Dataset extract START
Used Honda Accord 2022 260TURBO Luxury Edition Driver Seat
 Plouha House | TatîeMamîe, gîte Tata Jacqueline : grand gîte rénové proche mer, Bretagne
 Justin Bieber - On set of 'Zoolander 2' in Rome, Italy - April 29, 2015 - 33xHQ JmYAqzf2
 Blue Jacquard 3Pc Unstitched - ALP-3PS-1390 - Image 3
Dataset extract END
◆ Assignment ◆
Extract the complete listing verbatim.

◆ Response box ◆
Used Honda Accord 2022 260TURBO Luxury Edition Driver Seat
 Plouha House | TatîeMamîe, gîte Tata Jacqueline : grand gîte rénové proche mer, Bretagne
 Justin Bieber - On set of 'Zoolander 2' in Rome, Italy - April 29, 2015 - 33xHQ JmYAqzf2
 Blue Jacquard 3Pc Unstitched - ALP-3PS-1390 - Image 3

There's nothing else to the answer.